Lebanon Baptist Church is undergoing a revitalization to symbolize the new, deep-rooted mission of the congregation.
It’s a trend Pastor Timothy R. Partridge knows all too well.
People grow up in church, fall in love with the community, are hurt by either their fellow members or religious leaders and walk away trying to mend their wounds on their own.
Society is turning away from religion. He knows because he was one of the many that closed that door.
“I was working full-time at the Hillsborough County Fire Rescue and in the 90s I ran a call,” Partridge said. “I was trying to get help for a woman, she’d lost everyone and everything. I called a church and explained her situation and the woman on the phone said they’d absolutely help. Then I told her the address and she said, “Oh that’s outside of our area.” So I said I didn’t know God had territories. She then told me they’d come and help anyway, but I told her I would stay with that woman day and night so her people never got near her. I went home and told my wife that was it. I stepped away from the church for 12 years.”

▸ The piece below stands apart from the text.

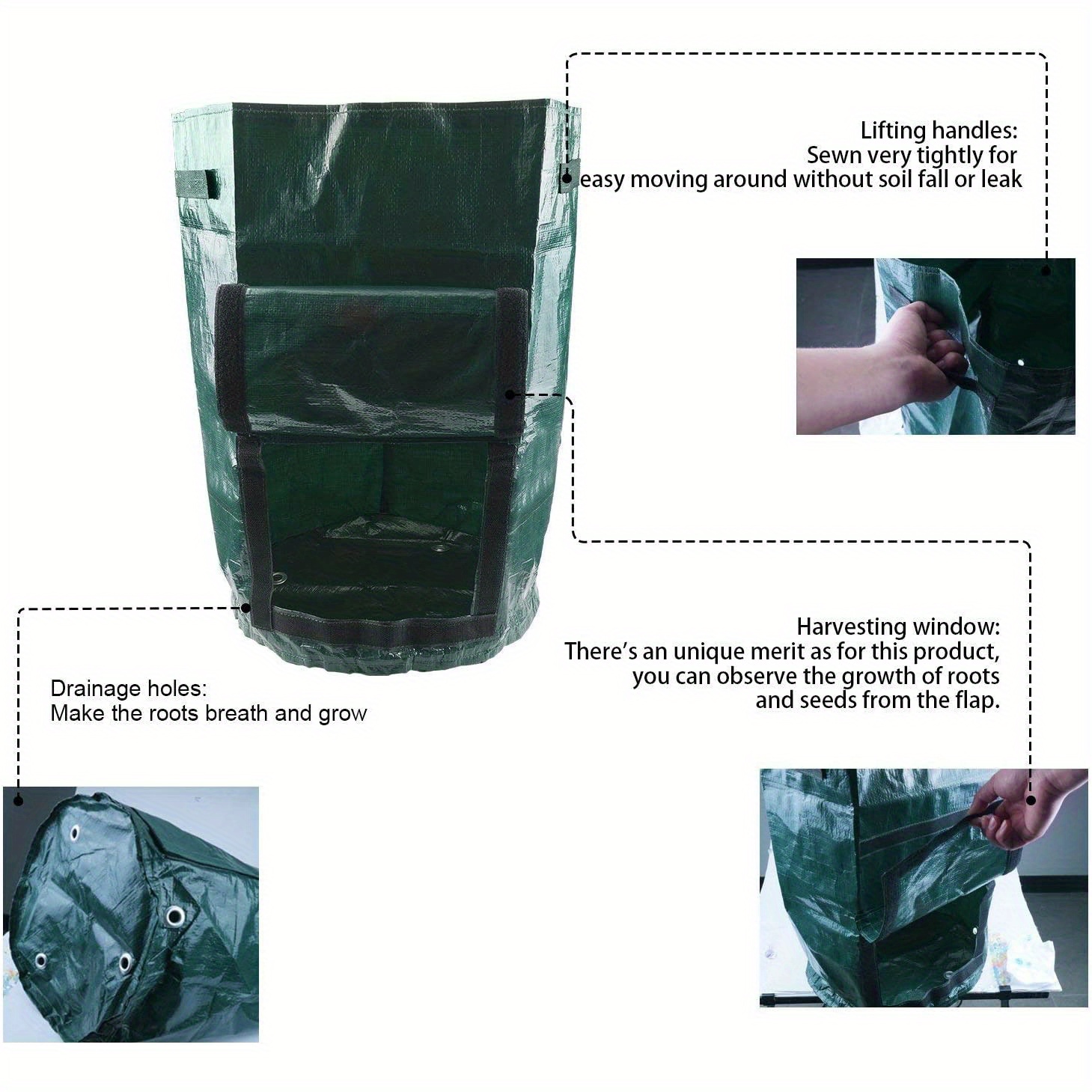 1pc Potato Growing Bags, Durable Fabric Garden Planter Pots With Flap & Handle, Pots, Planters & Container Accessories, 7 Gallon 30x35cm,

It wasn’t until his children were saved that he began to make his way back to the faith he had turned away from. Within six years he was ordained and four days later he did his last shift on an ambulance.
He soon became the pastor at Lebanon Baptist Church and when he began to listen to different members and people in the community, he realized there were many like him that had suffered wounds from their congregations.
His mission was suddenly clear. Lebanon became “The church for those hurt by church” and opened its doors to anyone and everyone, even those who were confident they would never fit in a traditional church setting again.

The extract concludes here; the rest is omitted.